**Task goal:** Reproduce all of the data, making sure that no line differs from the original.

BEGIN

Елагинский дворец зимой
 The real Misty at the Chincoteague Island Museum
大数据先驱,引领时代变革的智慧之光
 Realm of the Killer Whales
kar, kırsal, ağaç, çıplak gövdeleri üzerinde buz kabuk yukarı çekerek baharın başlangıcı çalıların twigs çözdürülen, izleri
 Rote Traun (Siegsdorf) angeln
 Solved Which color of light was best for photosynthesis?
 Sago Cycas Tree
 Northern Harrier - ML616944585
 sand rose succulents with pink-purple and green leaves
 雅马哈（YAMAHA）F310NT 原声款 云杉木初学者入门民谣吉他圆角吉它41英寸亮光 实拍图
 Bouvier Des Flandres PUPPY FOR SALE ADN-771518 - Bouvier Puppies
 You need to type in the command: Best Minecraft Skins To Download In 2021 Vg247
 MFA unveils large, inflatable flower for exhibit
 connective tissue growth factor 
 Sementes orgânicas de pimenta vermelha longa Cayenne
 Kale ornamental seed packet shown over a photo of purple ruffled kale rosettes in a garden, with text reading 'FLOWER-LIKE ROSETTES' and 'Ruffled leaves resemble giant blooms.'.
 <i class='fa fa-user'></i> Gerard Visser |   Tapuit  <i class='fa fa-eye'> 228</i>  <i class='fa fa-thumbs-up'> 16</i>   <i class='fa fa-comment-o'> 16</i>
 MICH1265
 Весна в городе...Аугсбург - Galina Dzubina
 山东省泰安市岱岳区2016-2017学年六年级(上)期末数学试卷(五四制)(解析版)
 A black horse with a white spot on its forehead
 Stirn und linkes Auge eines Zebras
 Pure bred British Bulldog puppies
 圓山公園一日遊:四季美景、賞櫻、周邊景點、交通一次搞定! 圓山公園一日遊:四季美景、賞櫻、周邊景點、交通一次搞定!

END

**Reply:**
Елагинский дворец зимой
 The real Misty at the Chincoteague Island Museum
大数据先驱,引领时代变革的智慧之光
 Realm of the Killer Whales
kar, kırsal, ağaç, çıplak gövdeleri üzerinde buz kabuk yukarı çekerek baharın başlangıcı çalıların twigs çözdürülen, izleri
 Rote Traun (Siegsdorf) angeln
 Solved Which color of light was best for photosynthesis?
 Sago Cycas Tree
 Northern Harrier - ML616944585
 sand rose succulents with pink-purple and green leaves
 雅马哈（YAMAHA）F310NT 原声款 云杉木初学者入门民谣吉他圆角吉它41英寸亮光 实拍图
 Bouvier Des Flandres PUPPY FOR SALE ADN-771518 - Bouvier Puppies
 You need to type in the command: Best Minecraft Skins To Download In 2021 Vg247
 MFA unveils large, inflatable flower for exhibit
 connective tissue growth factor 
 Sementes orgânicas de pimenta vermelha longa Cayenne
 Kale ornamental seed packet shown over a photo of purple ruffled kale rosettes in a garden, with text reading 'FLOWER-LIKE ROSETTES' and 'Ruffled leaves resemble giant blooms.'.
 <i class='fa fa-user'></i> Gerard Visser |   Tapuit  <i class='fa fa-eye'> 228</i>  <i class='fa fa-thumbs-up'> 16</i>   <i class='fa fa-comment-o'> 16</i>
 MICH1265
 Весна в городе...Аугсбург - Galina Dzubina
 山东省泰安市岱岳区2016-2017学年六年级(上)期末数学试卷(五四制)(解析版)
 A black horse with a white spot on its forehead
 Stirn und linkes Auge eines Zebras
 Pure bred British Bulldog puppies
 圓山公園一日遊:四季美景、賞櫻、周邊景點、交通一次搞定! 圓山公園一日遊:四季美景、賞櫻、周邊景點、交通一次搞定!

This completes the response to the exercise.